Normally nobody would have paid him much attention, but since it was slow a buzz started amongst the rabble, so the King decided to look into it.
“Merlin!” he shouted. “What you got going on right now?” Knowing full well Merlin had nothing happening, and had been out trying to drum up business for weeks. So he sent Merlin out with monkyboy to investigate. The local newspaper man was bored as hell too, so he decided to tag along.
So they all go out to where the sky fell, which happened to be right under an apple tree. Merlin took one look and said, “It wasn’t the sky, monkyboy, it was a fucking apple fell and hit you on the head.”
Monkyboy said, “Oh, yeah? Then where is the apple? Huh? Smart guy?”
Merlin pointed at the fresh deer tracks on the ground “I would imagine a deer ate it”
And they all went back to town. Merlin was back to looking for work. The newspaper headlines that day said: King Determines Sky is Not Falling, so the townspeople walked right past the newstand, laughing at the King and not bothering to buy a paper.

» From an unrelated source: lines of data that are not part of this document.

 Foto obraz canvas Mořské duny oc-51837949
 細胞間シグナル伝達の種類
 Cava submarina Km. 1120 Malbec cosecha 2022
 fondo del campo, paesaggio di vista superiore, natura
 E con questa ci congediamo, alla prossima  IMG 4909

Merlin, being a professional Wizard, realized this was not the optimum outcome for him, and decided to take a mulligan.
So they all go out to where the sky fell, which happened to be right under an apple tree.
“Hmmmm” said Merlin, “seems to be a mystery, indeed!”

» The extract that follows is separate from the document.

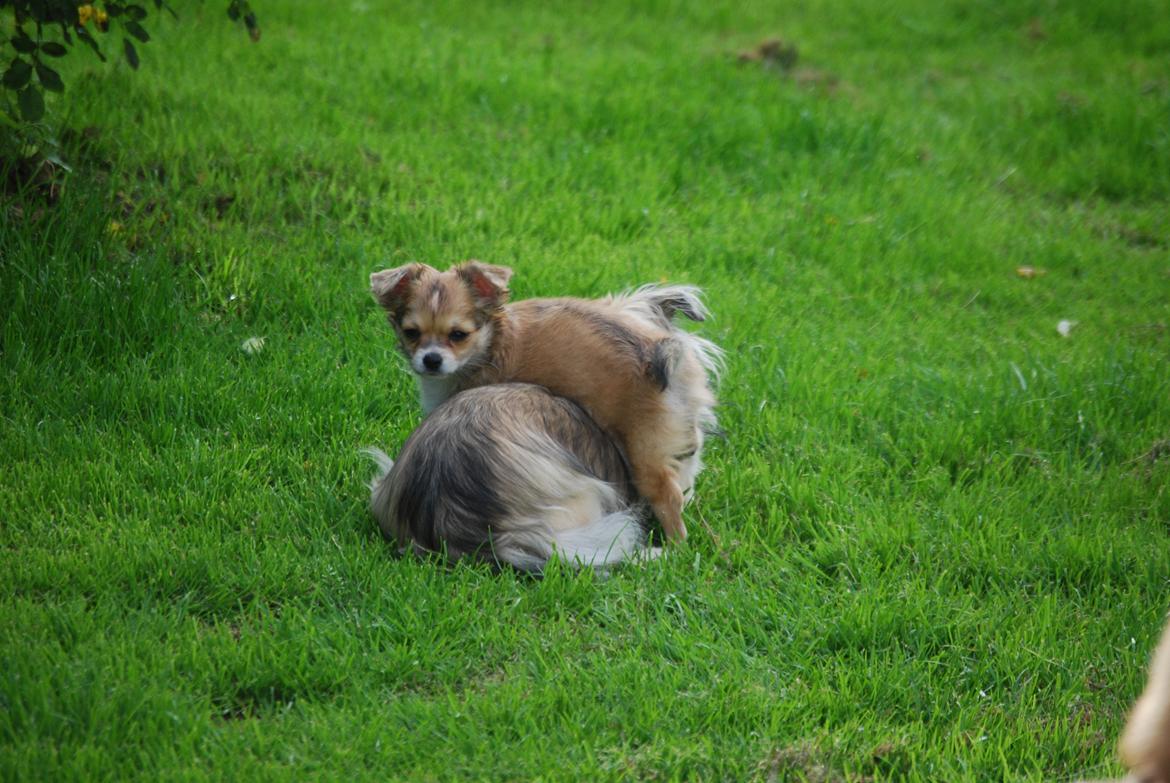 Chihuahua Chloe - Chloe har "nedlagt" en storebror :-D billede 6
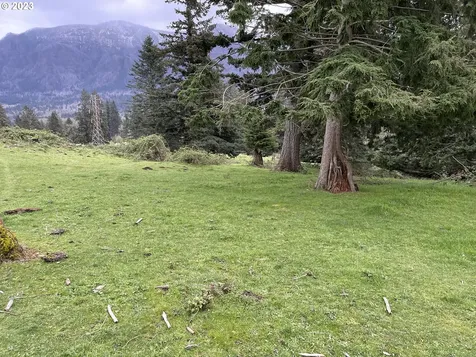 562 Woodard Creek Road Stevenson WA 98648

“Don’t you think it was probably just an apple?” said the newspaperman.
“Perhaps” said Merlin, “but then where is the apple? If it were an apple we would see it, the sky is hard to really see, right? And since there seems to be nothing to see here, it leads me to believe it may be the sky! I think we definitely need to investigate further!”

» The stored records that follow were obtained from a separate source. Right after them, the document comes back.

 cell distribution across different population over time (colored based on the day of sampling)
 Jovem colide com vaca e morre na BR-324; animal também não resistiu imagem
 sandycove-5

So they all went back to town to make their reports. Merlin somberly told his story to the King, who gave him a large grant to investigate monkyboy’s story. The newspaper headling said: Sky May Be Falling! King is investigating! It was selling like hotcakes and people were pleased with the King’s diligence.
And they all lived happily ever after.
In this case your thesis that these groups that have little or no monitary gain from an issue must therefore have no reason to lie is even more absurd. Like it or not, that then just about describes both sides of the gun control and abortion debates. (Any comparison is likely to be inexact)
My reason for using the nuclear argument was simple. If global warming is such an important issue, you’d think the environmental lobbies would get behind it one hundred percent. But no, they’re willing to pursue their other policy objectives even to the point of harming the fight against global warming.
And of course you ignore Kyoto. It is the current de facto example of what an treaty to combat global warming will look like, and is currently what the environmental NGOs are basing their policy recommendations on. You’re right it got voted down overwhelmingly.
One further suggestion. Use the internet and look up who donates to all those environmental groups you’re so fond of. You’ll find that most of the donations are from businesses or people who made their money in business. Remember: you’re not paranoid if THEY’RE really out to get you…
I’ll keep asking this question until I get a response that makes any kind of sense (notice I dropped the logical qualification). What will sending vast sums of domestic taxpayer $$$$$$$$$$$$ abroad (to non-complying Kyoto signatories) do to curb emssions here ?
Guess another thread dies from a simple question.
GWQ is real (to an insignicant point), but NO ONE can pin it on human influence.
Check out this place. It’s got apretty nifty page about GW.
The partr I have trouble with, is how do we humans make so much CO2 that we are melting the ice caps on Mars?